Data records section start

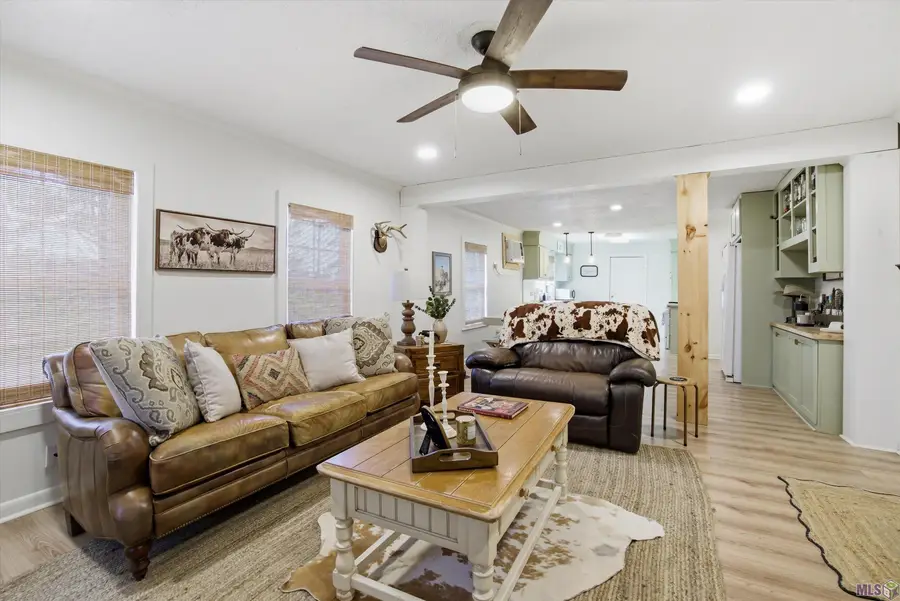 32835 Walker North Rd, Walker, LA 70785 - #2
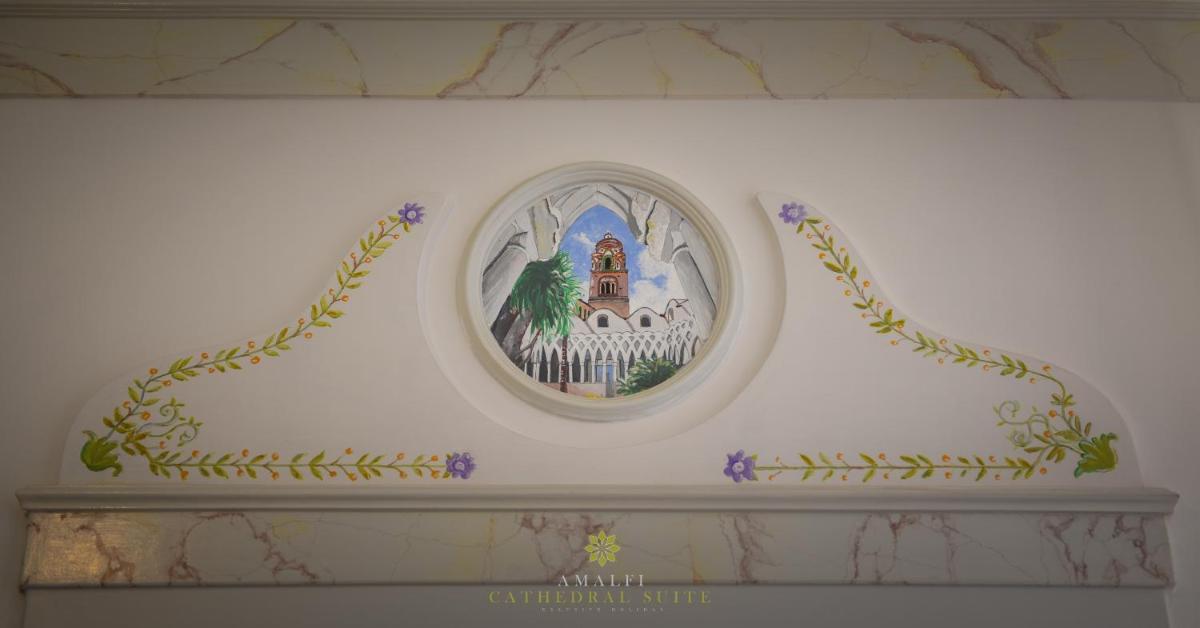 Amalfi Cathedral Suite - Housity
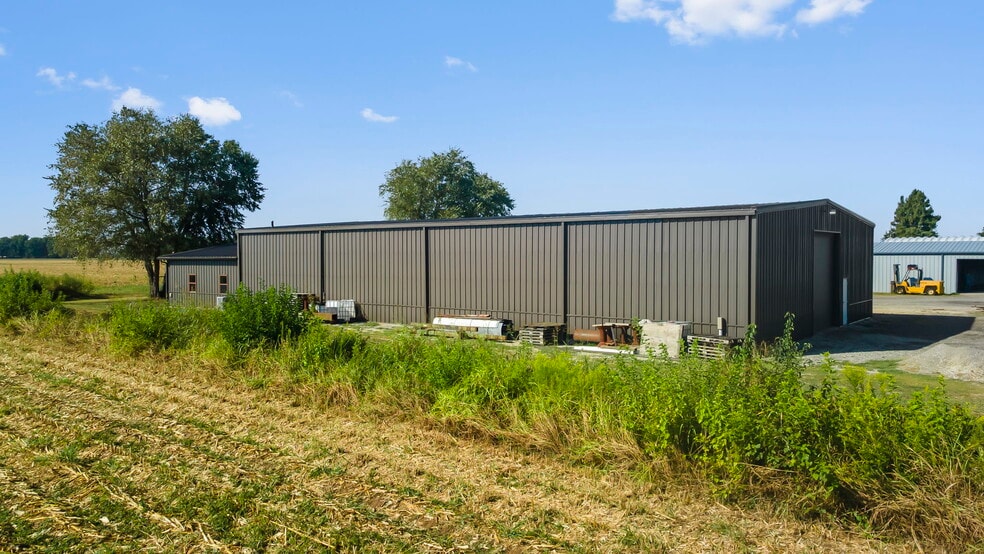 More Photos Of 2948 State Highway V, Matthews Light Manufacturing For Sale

Data records section end
Data records section start

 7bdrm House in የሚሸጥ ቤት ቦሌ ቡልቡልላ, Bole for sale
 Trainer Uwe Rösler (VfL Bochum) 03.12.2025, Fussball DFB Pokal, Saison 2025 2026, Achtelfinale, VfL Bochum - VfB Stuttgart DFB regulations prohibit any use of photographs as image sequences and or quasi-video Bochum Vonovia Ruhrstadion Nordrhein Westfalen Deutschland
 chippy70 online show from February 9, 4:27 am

Data records section end

Within the entries above, the lines from the one containing "Amalfi Cathedral Suite - Housity" through the one containing "More Photos Of" are to be transcribed exactly, ends included, pictures excluded.

◆ Answer to this exercise:
 Amalfi Cathedral Suite - Housity
 More Photos Of 2948 State Highway V, Matthews Light Manufacturing For Sale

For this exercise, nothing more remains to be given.